Again for Lifeline, Odyssey or other AGM batteries it can actually be quite underkill not overkill.
It saves some diesel running time certainly, but is it worth the presumed 2k of cost?
It may not be worth it to you but may be to others. For this owner it cut him from about 3+ hours to hit 85% to about an hour. His stock alt really suffered when heated up and maxed at about 28-30A when hot. That is two+ hours, per day, of less wear and tear on the engine, alternator, noise pollution for others if in an anchorage AND more time under sail only vs. motoring or motor sailing.

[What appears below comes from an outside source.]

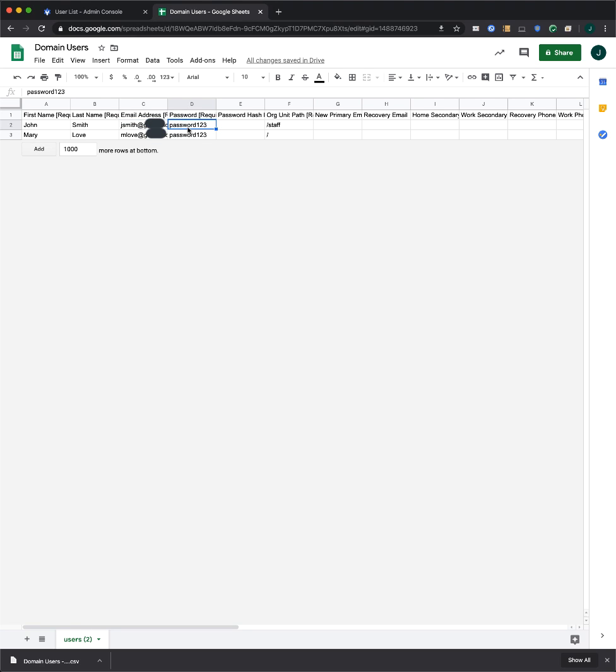Password. By default, passwords must be at least 8 characters long, but you can change that setting in the Admin Console.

If he's got 100ah of solar capability this makes sense - run the motor a hour in the morning while it's still in bulk acceptance, then absorption rate with the solar to get almost full by sun down.
Even without solar it makes sense, if it makes sense to your wallet, you don't want to listen to an engine all day long and prefer to sail more than motor. Solar always makes sense as an additional charge spurce provided you can fit the panel real estate.. The only time it may not make sense is if your alternator is exceeding bank acceptance in bulk and the capabilities are going untapped. Even then a larger alt will run cooler and work less hard so alts that exceed acceptance of the bank can still be a good value over the long haul because they simply last longer.
I ask because I'm going to have similar needs on my boat (500 ah bank, 200ah 'daily diet).
A 140A alternator on a flooded bank still makes a lot of sense as the 500Ah bank will take about 125A of charge current for a period of time in bulk. Putting it back as quick as possible means shorter run times. Also many HO alts will output LOTS of current at low RPM meaning less engine RPM at anchor if you need to top up on the hook.
Also - what's the take off the engine/shaft horse power, I'm assuming there is no free lunch.
About 1HP per 25A +/-. It should not affect a properly sized engine, in most circumstances. If that is an issue a field cut off switch can be added so if you need more HP you simply cut the regulator. I have a number of boats with cut-offs and they owners claim the never use them or find a need to use it.